A wondrous and a mighty Thing it is,
Speaking to distant millions as to near;
Rousing all passions and all sympathies,
And forcing the earth's space to disappear
By its connecting course o'er all the lands,
Which makes the globe's antipodes shake hands!
Before its all-detecting, all-proclaiming
And all-truth-telling voice, the Tyrant's throne
And the bald Bigot's altar, heavenward flaming
With fires derived from hell, quiver and groan;

271

For it is clothed in liberty and light,
And casts destroying sun-shafts through their night!
Hail it, ye stirring Millions! as your Saver
From the Old Law of Things, that kept ye under
The foot-tread of the Few—as the way-paver
To your redemption-goal!
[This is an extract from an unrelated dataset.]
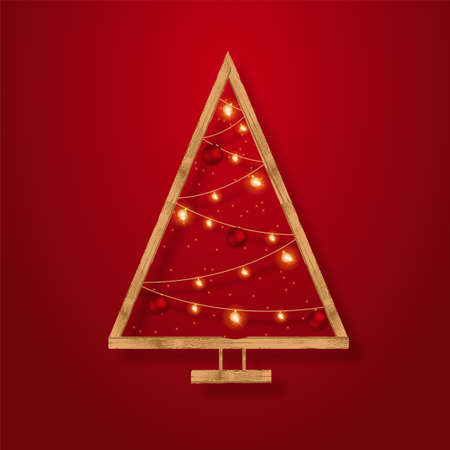 Christmas tree from light with wood frame vectorのイラスト素材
And, of its thunder
Ye who sit throned the Joves invisible,
Use the mighty weapon well!
Hide it not in cloudy sphere
Of pale apathy, or fear;
But, ever let its radiant bolts be hurl'd
Against the Giant Ills that still bestride the World!

2. A SONG OF THE PEOPLE.

The Hoary Dotard, Aristocracy,
Shakes in his crumbling palace-halls; for, hark!
On the broad Ocean of Democracy
Floats Liberty, prepared to disembark
On her predestin'd strand,
This English land!

272

In glory, o'er a world of tribulation,
She raiseth her bright banner—as the Sun
O'er clouds and storms ascendeth burningly—
And, with a loud and multitudinous voice,
The millions of the congregated Nation
(Myriad-lipp'd; but its great hearts as one!) Rejoice!
They fear! The Few who on our lives have fed—
The Tramplers on the Many—turn in dread!
And we, the mighty People, to regain
Our stolen birthright have not wrought in vain—
We live! we live, again!
Still bloodless be the sword we draw,
To make our lawful wills the law
O'er dull Convention, Tyranny and Wrong,
Made by the Ignorance of Ages strong!
No gory weapon will we deign to wield,
Drenching with brother-blood our brother's field;
Dungeons and chains, death-blocks and torturings
Shall vanish from the world with Slaves and Kings:
We fight to conquer and convert our Foes;
Not use them bloodily! From Freedom flows
Nor human tears, nor human gore:
With spiritual weapons for things spiritual

273

The living Many battle, as of yore
Did here and there some solitary Sage,
The one soul-beacon of his mindless Age!
For Knowledge now on myriad wings
From the Press, self-plumed, springs
And floats around us all!
We have not striven in vain
Against the tyrant-chain!
They fear! The Few who on our lives have fed—
The Tramplers on the Many—turn in dread!
We live! we live, again!

3. TO THE PEERS.

Some golden bubbles, in the unquiet air
(Creations of a Childish Fantasy!)
Floating, I saw: lo! bare arms muscular
Approach'd them; and two hands—like Destiny
Crushing old worlds—destroy'd them utterly.
Slight sun-hatch'd creatures, in the calmness veering
Which did precede the storm, as though their fans
Of down were eagle-pinions, nothing fearing

274

The assured coming of the hurricanes,
I saw, and pitied for their vain careering:
The mighty winds came on, and mightier storms,
And whirl'd into the dust their insect-forms.
Bubbles and butterflies of men!—Ye Peers!—
Make for yourselves a safety in your fears!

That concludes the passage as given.